Weight Range Steers Heifers
400-499 $25.18 $20.32
500-599 $34.34 $17.94
600-699 $20.68 $10.27
700-799 $11.65 $9.97
800-899 $11.28

As has been found in some other such sales, bonuses were higher for steers and tended to decline as weight increased.

(Oklahoma St. Univ. – Oklahoma Quality Beef Network)


Ground beef makes up about 50% of the volume and 40% of the value of beef sold at retail. Research has determined that price is the most important factor to consumers in determining purchase of ground beef. But color is the second most important. Color tends to deteriorate, and consumer acceptance decline, after only three days in a meat counter. Color, and odor, can be affected by fat content, packaging, and exposure to oxygen. Heat from store lighting also can be a factor. Recent research compared effects of fluorescent and LED lighting. LED lights produced lower temperatures and changed meat color slower. Use of LED lighting could reduce losses in ground beef.

( ;Univ. of Missouri, National Cattlemen’s Beef Association)

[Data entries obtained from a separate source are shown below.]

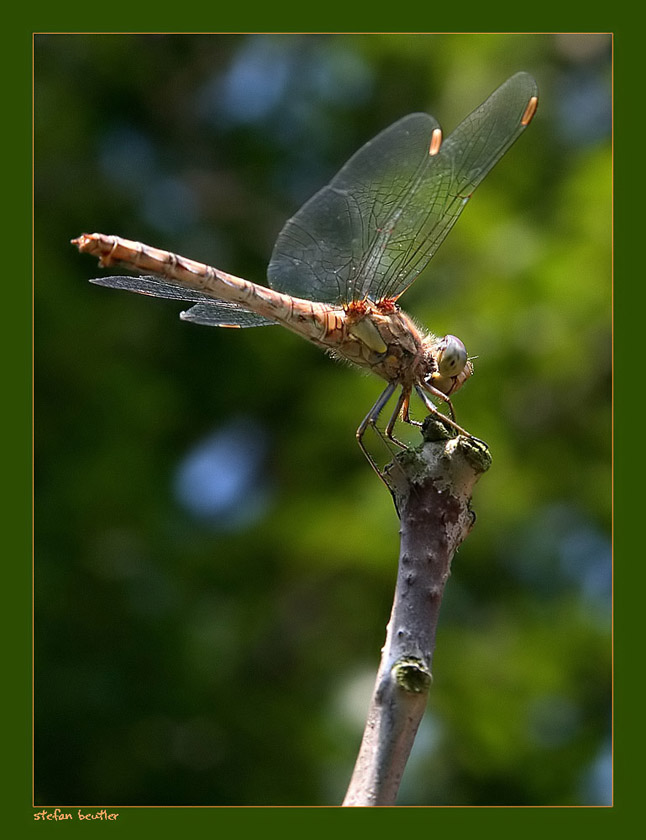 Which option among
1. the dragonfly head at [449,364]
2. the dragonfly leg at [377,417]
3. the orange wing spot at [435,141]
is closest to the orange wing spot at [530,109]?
the orange wing spot at [435,141]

Food service companies continue to implement new requirements for providers. McDonald’s recently announced it will only purchase chicken “raised without antibiotics that are important to human medicine” for their U. S. restaurants. The company recognizes “animals that become ill deserve appropriate care with prescribed antibiotics but they will no longer be included in our food supply”.

In addition, while recognizing that no significant difference has been shown between milk derived from cows treated or not treated with rbST (an artificial hormone), customers will be offered low-fat white and fat-free chocolate milk from non-treated cows.

While these new policies involve poultry and milk, can there be any doubt that more requirements will be implemented, by McDonald’s and others, for other production practices and other livestock?